Prior is N(0, I). If p_data has mean 5 and std 0.1, either the noise scale is wrong (DDPM: noise dominates at low t) or the path endpoints don’t match (FM). data.py standardizes for this reason.

2. Sampling from the wrong endpoint in FM

Training goes x₀ → x₁ (prior to data). Sampling starts at x₀ ∼ N(0, I) and integrates forward in t. Reverse-time confusion is the most common bug. Mnemonic: start where you sample from the prior.

3. Sinusoidal embedding range mismatch

See the t_scale = 1000 section above. Without it, ~half the embedding dimensions are wasted and the model converges slower / not at all.

4. Forgetting elementwise_affine=False in adaLN’s LayerNorm

If you keep the default nn.LayerNorm γ/β, they fight with the modulation MLP’s (scale, shift). Two knobs for the same job → instability.

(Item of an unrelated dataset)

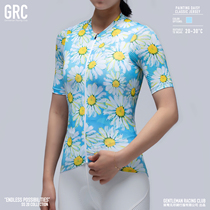 GRC new womens oil painting Daisy spring and summer road bike cycling clothing short sleeve jacket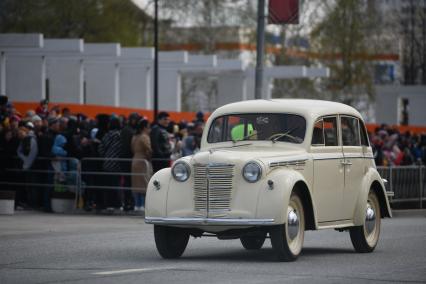 Парад исторической техники в День Победы в Свердловской области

DiTBlock sets elementwise_affine=False on both norms.

5. Variance-exploding pitfall

If you build a VE schedule (no shrink factor), the data and the prior need to share that scale. People often set up VE with a unit-variance prior; the schedule then crushes x_t at large t into a numerically nasty regime. VP avoids this almost by construction.

A self-test menu

If you can answer these from memory, you have the material:

Write down Eq. ⋆. Why does the closed-form marginal exist?
Why is ε the “right” thing for the net to predict, vs. x₀ or μ?
Derive the CFM loss. What is the trick that makes regressing against the conditional target legal?
How does DDPM’s sampling cost scale, and why does FM cost less?
State the adaLN-Zero formula. Why “-Zero”?
What single line in diffusion_transformer.py would you change to use FlashAttention?
What happens if you forget to standardize data.py’s output? Trace the bug forward to either method.
Convert a trained ε-predictor into a v-predictor (under the VP path).

Punchline

Both DDPM and Flow Matching come down to fit a local operator on a chosen density path. The interesting knobs are: which path, what target the net predicts, which solver you use at test time. The architecture (MLP vs. DiT) is orthogonal — same loss, same sampler, different function class.